Incidents of piracy and terrorism at sea are frequently in the news, and the experience for the innocent parties can be terrifying. Here, John Knott and Toby Stephens look at some key practical, legal and insurance aspects, and they explain how owners can take steps to reduce risks and help to safeguard their vessels and crews.
In recent years, particularly following the devastation caused in New York on 11 September 2001, the world has come to recognise the ever-present threat of acts of terrorism. Sometimes these acts have no obvious motive, while at other times the aims of the perpetrators appear to be social, religious or political change, or simply revenge. Also frequently in the news are acts of piracy at sea, particularly in recent times in the vicinity of Somalia and Nigeria. But although acts of terrorism and piracy are equally abhorrent, and the effects for those at sea may be similar, there is scant credible evidence to support a popular view that these two activities are linked.
That is a conclusion expressed in a June 2008 report of a study by the Rand Corporation (”The Maritime Dimension of International Security: Terrorism, Piracy, and Challenges for the United States”), and coincides with the opinion held by the International Maritime Bureau. In theory, a key factor differentiating piracy from terrorism is that the principal aim of piracy is a personal and commercial one—the acquisition of property—whether as an end in itself or as a means to another end, which may include the funding of terrorist activity. Another indicator is that piracy is usually a product of poor economic conditions in some areas of the world; although it may also be purely criminal activity, which can occur anywhere.

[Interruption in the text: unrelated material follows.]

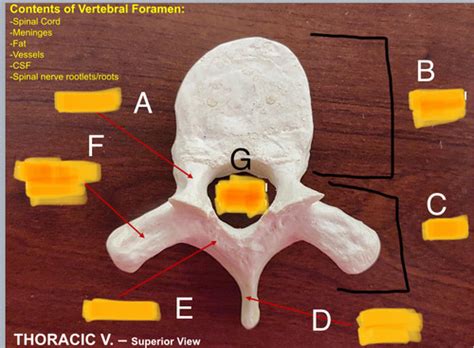 Thoracic Vertebrae Flashcards | Quizlet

Nowadays, piracy is liable to conjure up different images for different people. Movie-goers may think of a Hollywood-style adventure yarn; pop music fans may recall public broadcasts from unlicensed radio transmitters; while to copyright lawyers it may mean the infringement of intellectual property rights. But here, we consider the term in its traditional meaning—violent robbery at sea. Sometimes people seek to make distinctions for cosmetic reasons. A member of a marauding gang operating off the coast of Somalia was recently reported as being indignant at being referred to as a pirate. “We are not pirates,” he insisted. “We are hijackers!”